* **What the task requires**
Repeat every record exactly, omitting the pictures.

* **Record set**
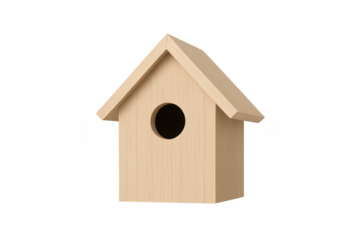 Wooden birdhouse providing a safe, cozy home and shelter for small wild birds, promoting nature and wildlife conservation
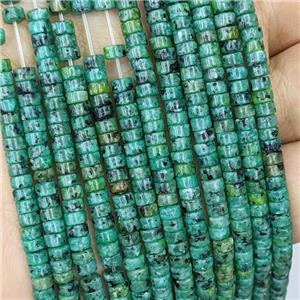 Natural Marble Heishi Beads Green Dye, approx 4mm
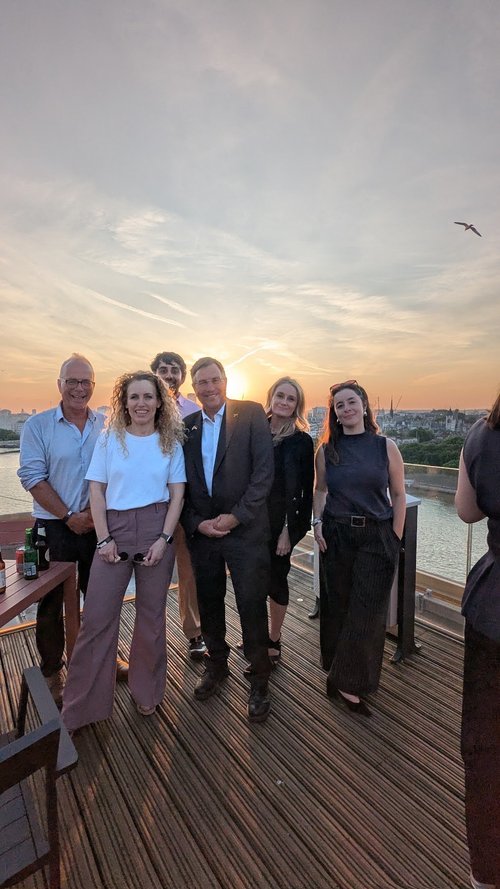 Katie White MP for Leeds North West, Martin Wrigley MP for Newton Abbot, Dr Simon Opher MP for Stroud, Sufyan Ahmed and Lu Jackson at POLITICO’s Summer Party 2026.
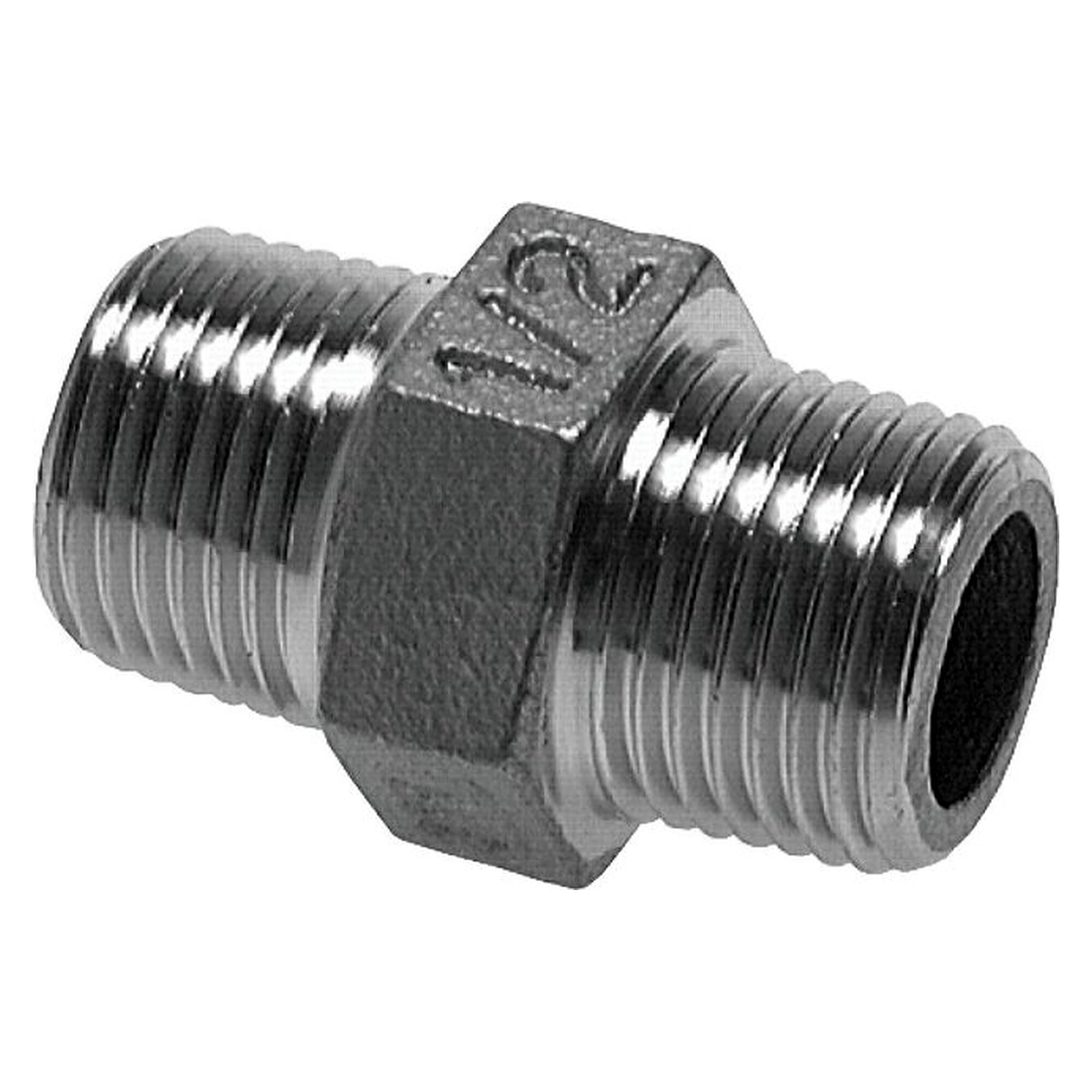 Double nipple with tapered male thread, R 2-1/2" to R 2-1/2", stainless steel 1.4408, PN 16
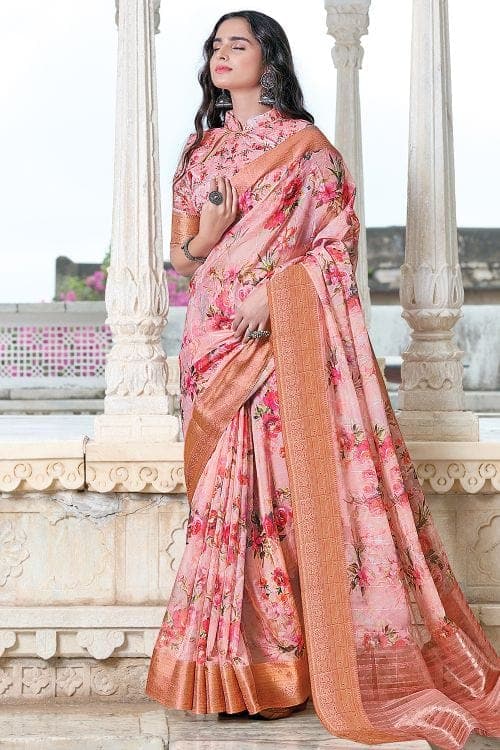 Linen Saree Lily Pink Linen Saree saree online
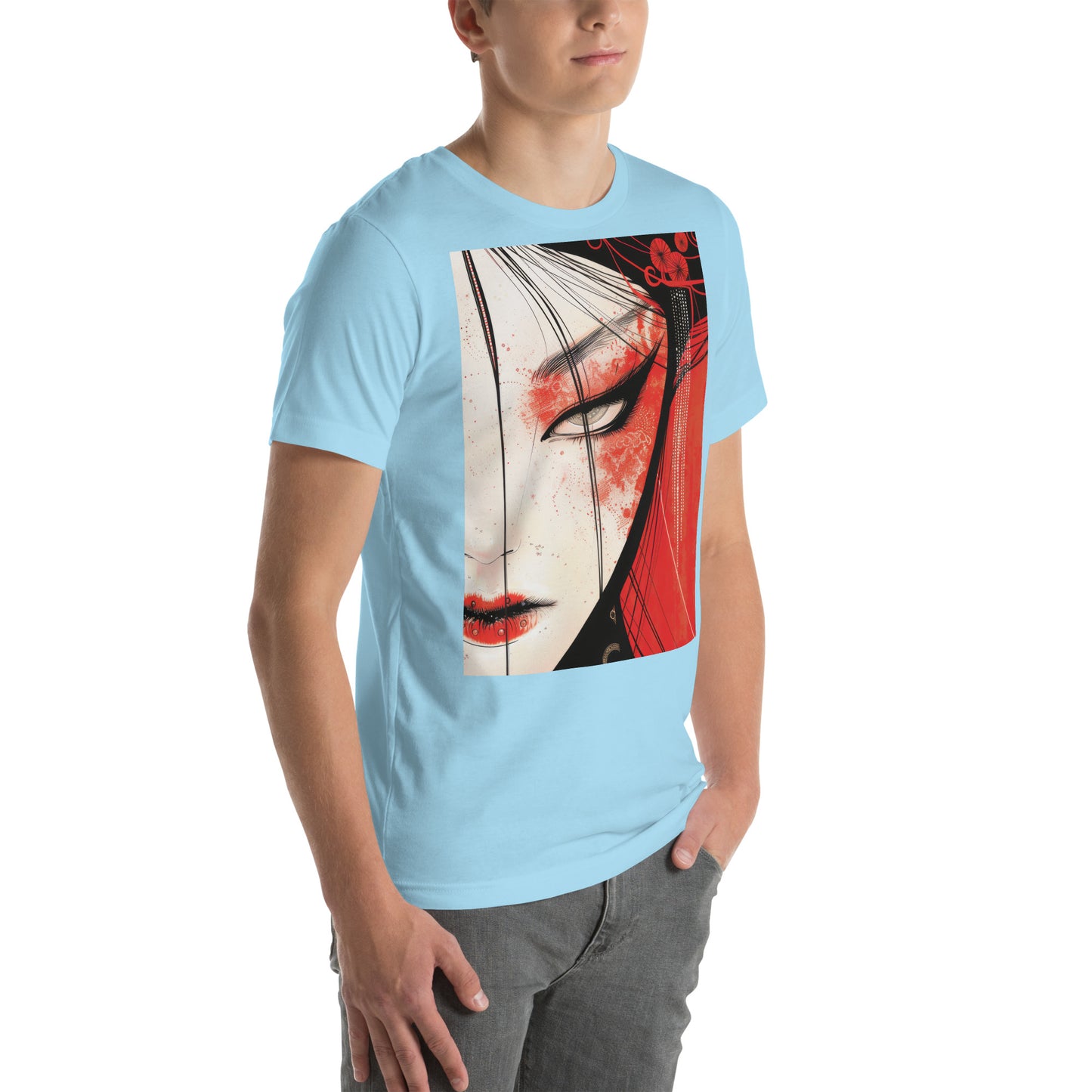 Red Face Geisha Stark Anime Yokai Close up Profile Unisex Tee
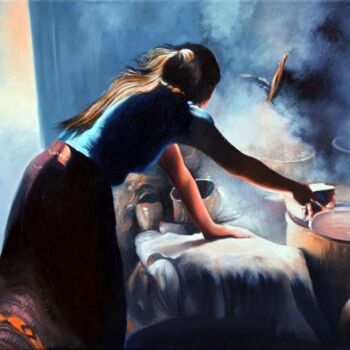 Peinture intitulée "Femme en cuisine d'…" par Marcel Boos, Œuvre d'art originale, Huile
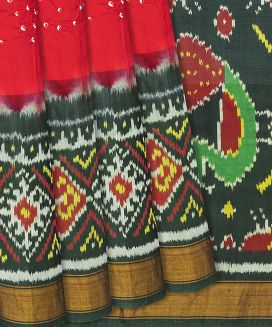 Red Handwoven Bandhani Silk Saree With Diamond Motifs
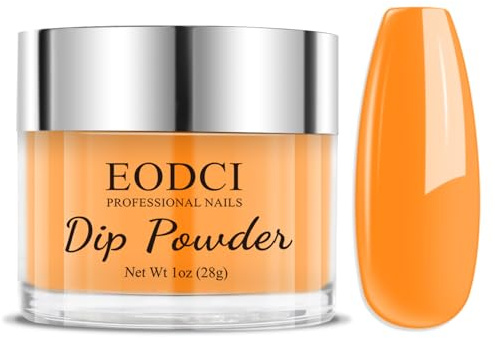 EODCI Nail Dip Powder Orange Yellow Color, EODCI Dipping Powder French Nail Art Starter Manicure Salon DIY at Home, Odor-Free and Long-Lasting, No Needed Nail Lamp Curing, 1 Oz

* **Solution below**
 Wooden birdhouse providing a safe, cozy home and shelter for small wild birds, promoting nature and wildlife conservation
 Natural Marble Heishi Beads Green Dye, approx 4mm
 Katie White MP for Leeds North West, Martin Wrigley MP for Newton Abbot, Dr Simon Opher MP for Stroud, Sufyan Ahmed and Lu Jackson at POLITICO’s Summer Party 2026.
 Double nipple with tapered male thread, R 2-1/2" to R 2-1/2", stainless steel 1.4408, PN 16
 Linen Saree Lily Pink Linen Saree saree online
 Red Face Geisha Stark Anime Yokai Close up Profile Unisex Tee
 Peinture intitulée "Femme en cuisine d'…" par Marcel Boos, Œuvre d'art originale, Huile
 Red Handwoven Bandhani Silk Saree With Diamond Motifs
 EODCI Nail Dip Powder Orange Yellow Color, EODCI Dipping Powder French Nail Art Starter Manicure Salon DIY at Home, Odor-Free and Long-Lasting, No Needed Nail Lamp Curing, 1 Oz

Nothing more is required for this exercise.